Thank you Max. I will try my first attempt in few days and will post the photos....Happy Grilling!


----------



## chemmutk (Feb 12, 2016)

*Finally its done !!!*

Firstly, Lemme thank Dennis, dledmo ,bbquzz and Max for helping me with the basics. I cooked "Chicken Al-Faham" ( arabic recipe) for 8 members. chicken was cooked perfectly. But few breast pieces were dried out inside.I think i had overcooked some of them. It took me almost 1 hour ( after 30 minutes i flipped the side ). Starting the charcoal fire was horrible.The 45 coconut briquettes (a one full medium size chimney )took almost 50 minutes to lit till the top. On First attempt, after 10 minutes the smoke went off, then i have to fire some extra newspaper. While grilling , majority of briquettes got fully covered in ashes and the fire went out. Morning i checked the ashes and it was kind of sandy. Not that grey colored ashes. Anyways i managed to get it done . Ate with Kuboos and Hummus ( Arabic bread and chickpea dip). i wish i could have invited You all .... I am sharing the photos down below.... Your valuable comments are welcomed.


----------



## Dennis in MN (Feb 12, 2016)

I'm glad it worked out for you. I think that it is very easy to over cook chicken breast. I don't do them often, because the leg and thigh (sold here as hind quarters) can be purchased so inexpensively, and my family prefers dark meat. One of our favorite cuisines to prepare and eat is Persian. Grilled lamb kebabs, Basmati rice, and grilled tomato. We don't think it gets any better!


----------



## bbquzz (Feb 14, 2016)

Sounds like you and your guests enjoyed the meal so your job is done Make some notes mental or written and your ready for your second cook. I'm old and forgetful so I have to write down how I would do a cook differently


----------



## Max1 (Feb 16, 2016)

May want to cut down on the charcoal a bit, looks like you had a bunch there. You really only need about half of that. Other than that good cook. 

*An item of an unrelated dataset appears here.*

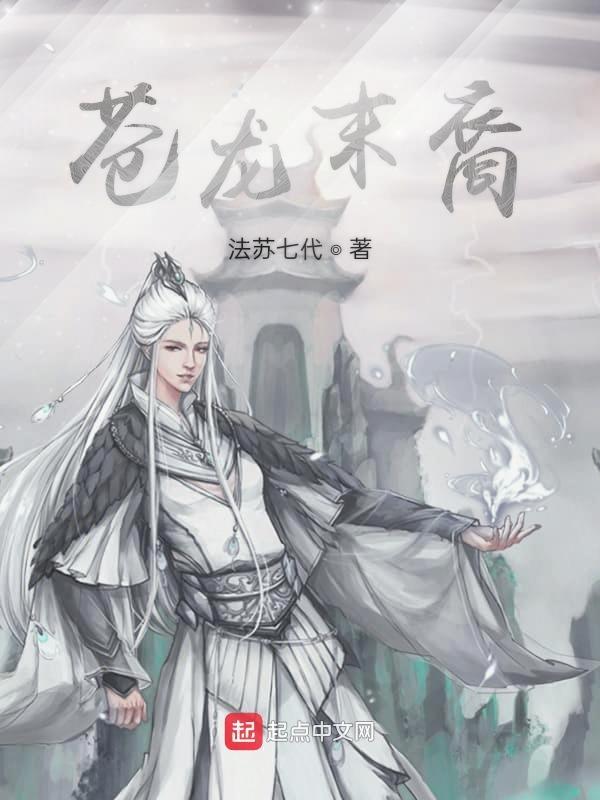 何为苍龙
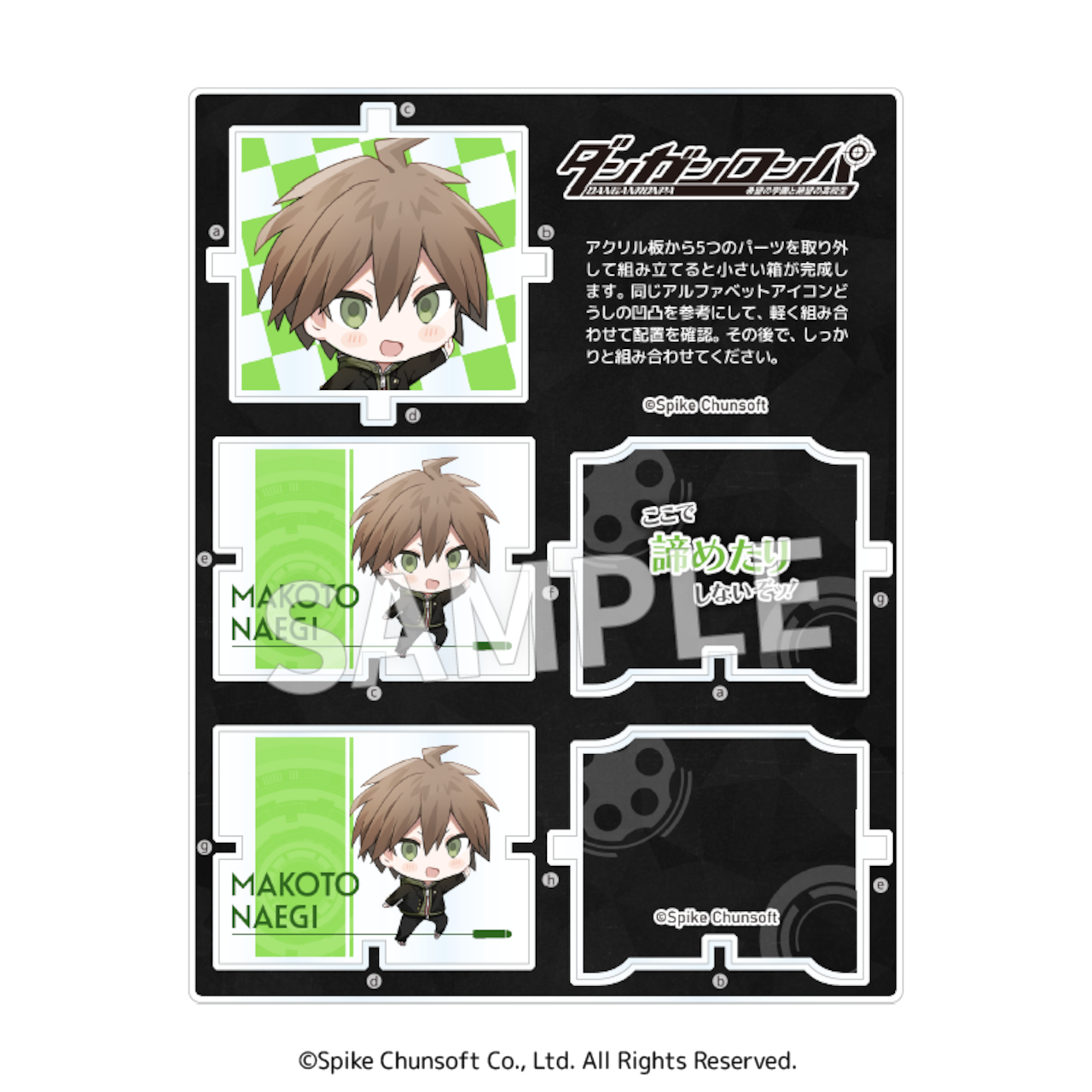 ダンガンロンパシリーズ キャラボックス セット(9個入 ダンガンロンパシリーズ キャラボックス セット(9個入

I have a buddy that lives with me, when he moved in, I told him feel free to use my charcoal grill. After a while I noticed all my charcoal was disappearing (I have about 30 bags of Kingsford at any specific time.) Then I saw what he was doing, I went ballistic..... He was using about a quarter of a bag to use in a 14" Smokey Joe, for one steak mind you. He thinks you have to have the charcoal right up under the grate, and a whole shit load to create a hot fire. Little did he know he was smothering his own fire out because there was no air flow, not to mention WASTING my charcoal, that he did not pay for. Moral of the story, learn what is a good amount of charcoal through trial and error. And always when using someone else's charcoal get them more, at which I am still waiting for.


----------